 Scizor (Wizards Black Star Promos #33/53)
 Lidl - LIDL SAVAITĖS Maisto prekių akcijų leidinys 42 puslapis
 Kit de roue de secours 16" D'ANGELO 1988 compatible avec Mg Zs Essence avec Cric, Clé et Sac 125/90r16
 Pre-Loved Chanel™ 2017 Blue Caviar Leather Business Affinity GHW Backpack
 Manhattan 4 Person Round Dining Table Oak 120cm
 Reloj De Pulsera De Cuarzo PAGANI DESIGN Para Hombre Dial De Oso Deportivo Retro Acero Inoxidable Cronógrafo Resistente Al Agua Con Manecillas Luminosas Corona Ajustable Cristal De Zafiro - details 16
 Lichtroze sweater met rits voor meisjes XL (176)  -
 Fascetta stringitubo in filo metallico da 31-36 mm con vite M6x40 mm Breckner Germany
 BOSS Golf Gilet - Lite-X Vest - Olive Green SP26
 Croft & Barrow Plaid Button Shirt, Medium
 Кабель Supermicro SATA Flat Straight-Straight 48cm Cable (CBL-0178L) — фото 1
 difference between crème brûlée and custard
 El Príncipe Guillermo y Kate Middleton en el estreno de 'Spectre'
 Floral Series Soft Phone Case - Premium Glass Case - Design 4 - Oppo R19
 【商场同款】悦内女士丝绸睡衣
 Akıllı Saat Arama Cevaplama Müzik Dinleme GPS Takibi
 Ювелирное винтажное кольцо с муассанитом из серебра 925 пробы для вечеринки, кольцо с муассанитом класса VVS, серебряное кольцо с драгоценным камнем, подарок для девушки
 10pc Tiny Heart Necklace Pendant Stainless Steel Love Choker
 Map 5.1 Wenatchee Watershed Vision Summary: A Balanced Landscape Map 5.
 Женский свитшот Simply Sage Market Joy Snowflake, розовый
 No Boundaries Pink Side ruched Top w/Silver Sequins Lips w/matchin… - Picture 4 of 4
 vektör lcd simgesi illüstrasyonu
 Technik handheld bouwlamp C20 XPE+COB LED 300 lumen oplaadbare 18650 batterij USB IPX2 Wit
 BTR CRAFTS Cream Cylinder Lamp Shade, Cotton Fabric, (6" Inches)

_____

Task item
Would you retype the full listing without altering a single word?

Exercise output
 Scizor (Wizards Black Star Promos #33/53)
 Lidl - LIDL SAVAITĖS Maisto prekių akcijų leidinys 42 puslapis
 Kit de roue de secours 16" D'ANGELO 1988 compatible avec Mg Zs Essence avec Cric, Clé et Sac 125/90r16
 Pre-Loved Chanel™ 2017 Blue Caviar Leather Business Affinity GHW Backpack
 Manhattan 4 Person Round Dining Table Oak 120cm
 Reloj De Pulsera De Cuarzo PAGANI DESIGN Para Hombre Dial De Oso Deportivo Retro Acero Inoxidable Cronógrafo Resistente Al Agua Con Manecillas Luminosas Corona Ajustable Cristal De Zafiro - details 16
 Lichtroze sweater met rits voor meisjes XL (176)  -
 Fascetta stringitubo in filo metallico da 31-36 mm con vite M6x40 mm Breckner Germany
 BOSS Golf Gilet - Lite-X Vest - Olive Green SP26
 Croft & Barrow Plaid Button Shirt, Medium
 Кабель Supermicro SATA Flat Straight-Straight 48cm Cable (CBL-0178L) — фото 1
 difference between crème brûlée and custard
 El Príncipe Guillermo y Kate Middleton en el estreno de 'Spectre'
 Floral Series Soft Phone Case - Premium Glass Case - Design 4 - Oppo R19
 【商场同款】悦内女士丝绸睡衣
 Akıllı Saat Arama Cevaplama Müzik Dinleme GPS Takibi
 Ювелирное винтажное кольцо с муассанитом из серебра 925 пробы для вечеринки, кольцо с муассанитом класса VVS, серебряное кольцо с драгоценным камнем, подарок для девушки
 10pc Tiny Heart Necklace Pendant Stainless Steel Love Choker
 Map 5.1 Wenatchee Watershed Vision Summary: A Balanced Landscape Map 5.
 Женский свитшот Simply Sage Market Joy Snowflake, розовый
 No Boundaries Pink Side ruched Top w/Silver Sequins Lips w/matchin… - Picture 4 of 4
 vektör lcd simgesi illüstrasyonu
 Technik handheld bouwlamp C20 XPE+COB LED 300 lumen oplaadbare 18650 batterij USB IPX2 Wit
 BTR CRAFTS Cream Cylinder Lamp Shade, Cotton Fabric, (6" Inches)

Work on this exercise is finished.